WORK INSTRUCTION |
Beginning at the line that contains "The Rolling Stones: A", reproduce the entries below exactly, ending with the line that contains "Conditioning IF boolean-expression". Omit each picture.

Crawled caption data
===============
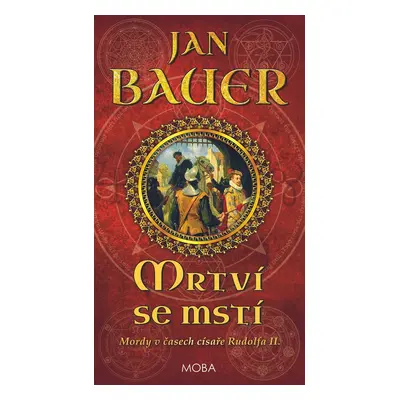 Mrtví se mstí - Jan Bauer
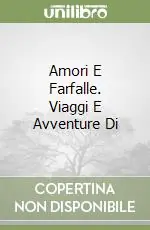 Amori E Farfalle. Viaggi E Avventure Di Promozione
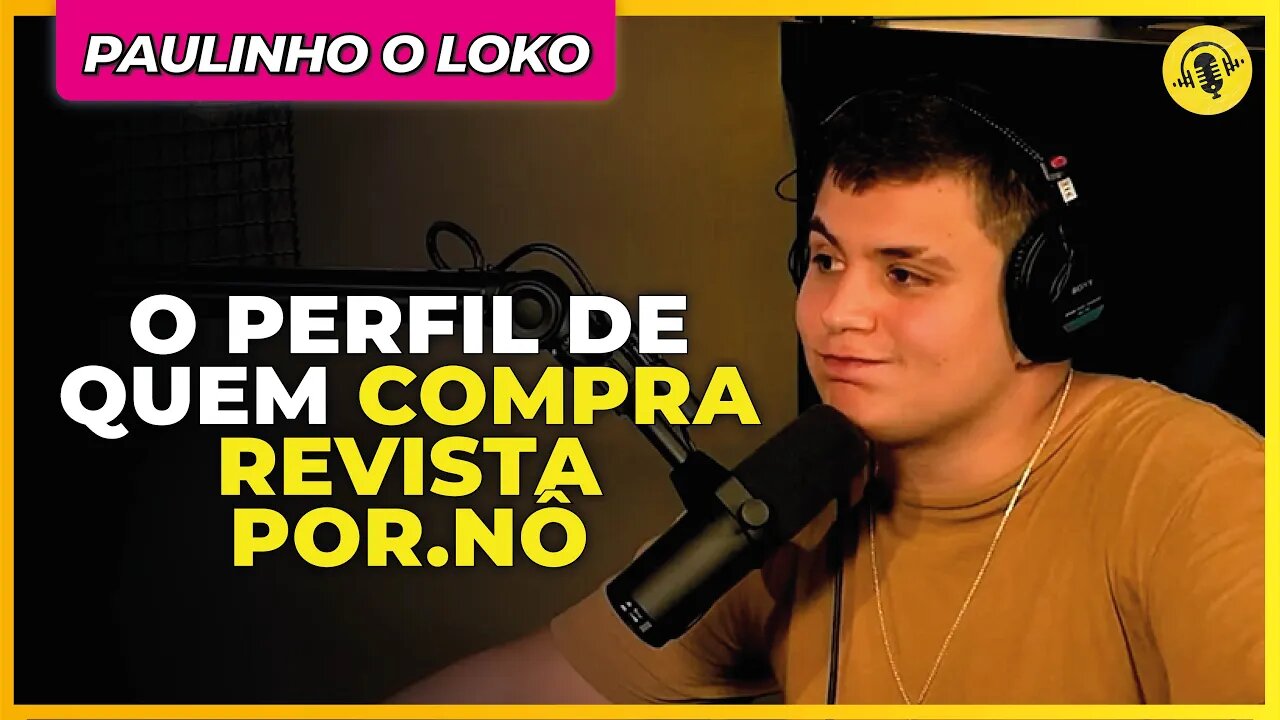 TEM GENTE QUE COMPRA ATÉ HOJE! | PAULINHO O LOKO - TICARACATICAST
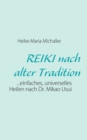 Image for REIKI nach alter Tradition : ...einfaches, universelles Heilen nach Dr. Mikao Usui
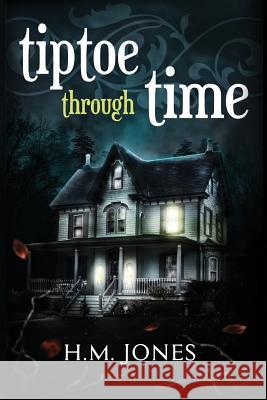 Tiptoe Through Time: A Halloween Short Story and Uncanny Romance H. M. Jones 9781517167592 Createspace - książka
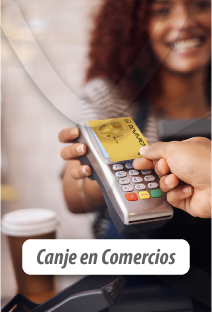 Canje en Comercios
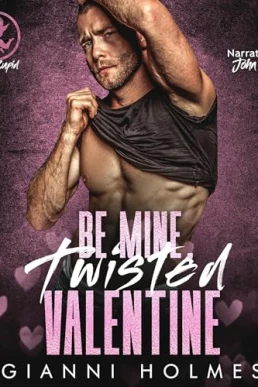 Be Mine, Twisted Valentine Corrupt Cupid, Book 1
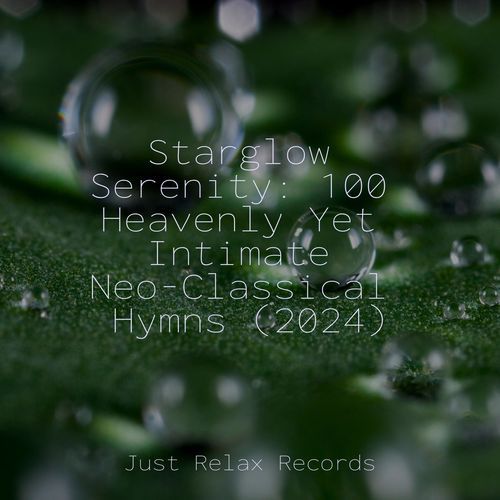 Starglow Serenity: 100 Heavenly Yet Intimate Neo-Classical Hymns (2024)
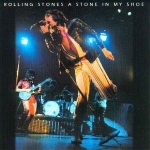 The Rolling Stones: A Stone In My Shoe (Vinyl Gang Productions)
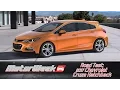 Road Test 2017 Chevrolet Cruze Hatchback - Cruze-in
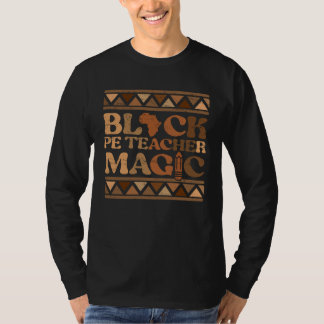 Black PE Teacher Magic Africa Pride Melanin Black T-Shirt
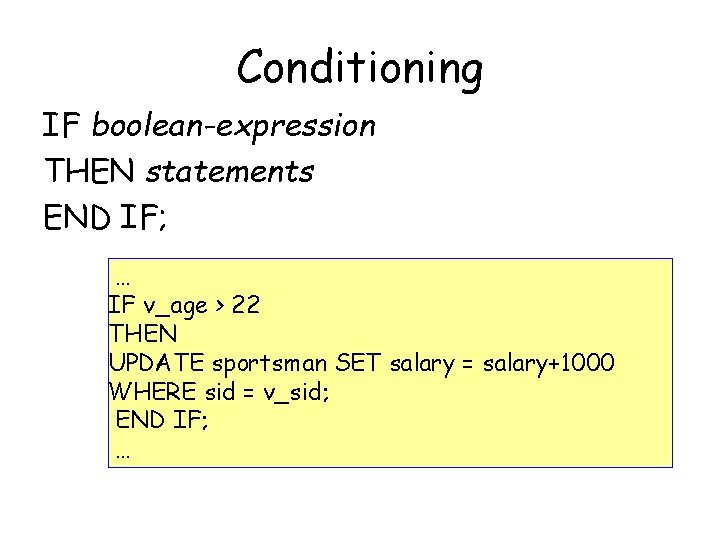 Conditioning IF boolean-expression THEN statements END IF; … IF v_age > 22 THEN UPDATE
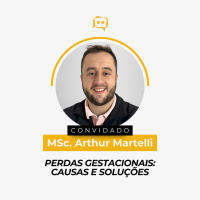 PERDAS GESTACIONAIS: Causas e Soluções - MSc. Arthur Martelli | Ep. 346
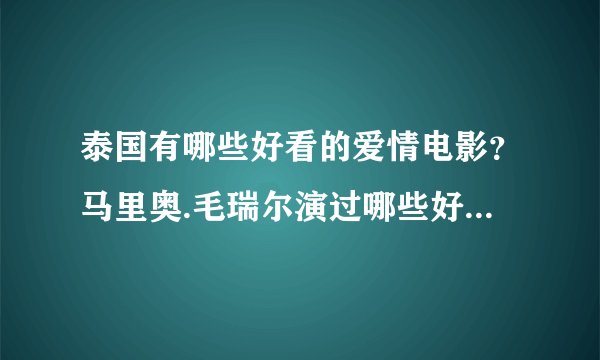 泰国有哪些好看的爱情电影？马里奥.毛瑞尔演过哪些好看的电影？推荐几部吧！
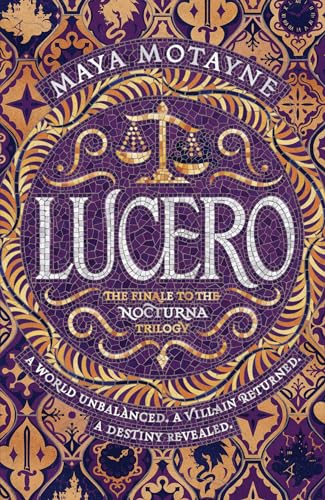 Book cover for Lucero by Maya Motayne featuring a purple and gold mosaic design.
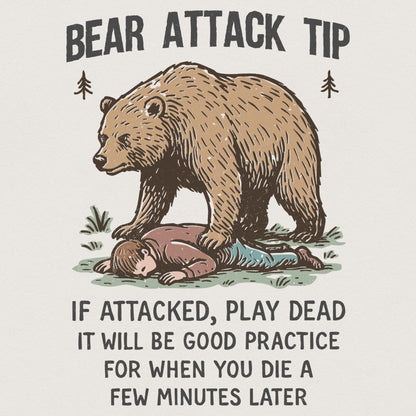 Bear Attack Tip PNG, Funny Bear Quote PNG - 300 DPI Design for T-Shirt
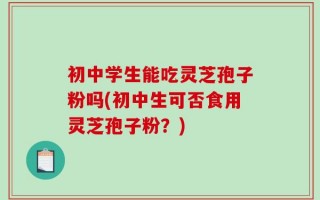 初中学生能吃灵芝孢子粉吗(初中生可否食用灵芝孢子粉？)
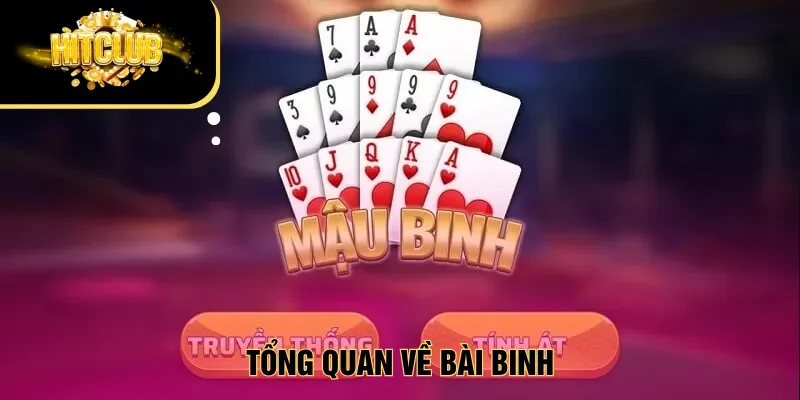 Tổng quan về bài Binh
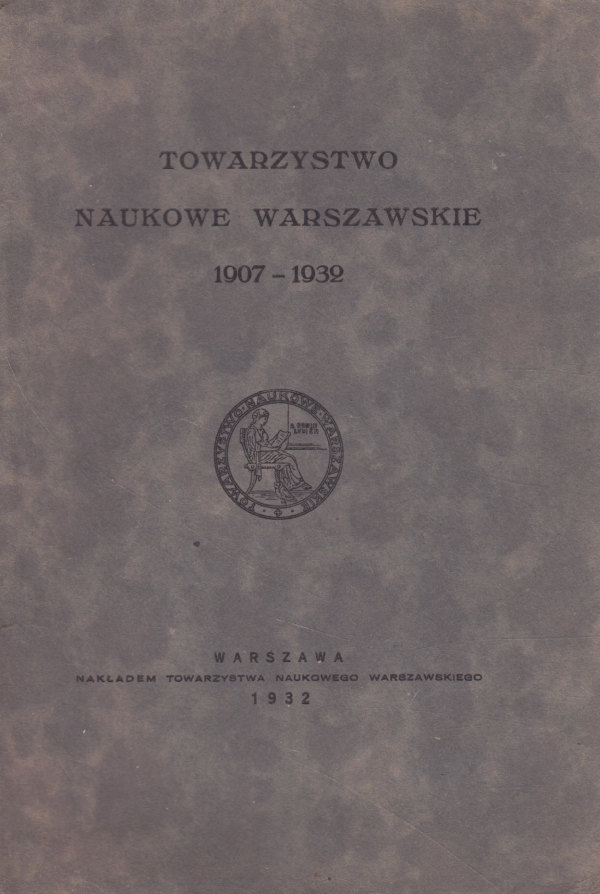TOWARZYSTWO NAUKOWE WARSZAWSKIE 1907-1932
===============
RESPONSE FOR THIS EXERCISE |
 The Rolling Stones: A Stone In My Shoe (Vinyl Gang Productions)
 Road Test 2017 Chevrolet Cruze Hatchback - Cruze-in
 Black PE Teacher Magic Africa Pride Melanin Black T-Shirt
 Conditioning IF boolean-expression THEN statements END IF; … IF v_age > 22 THEN UPDATE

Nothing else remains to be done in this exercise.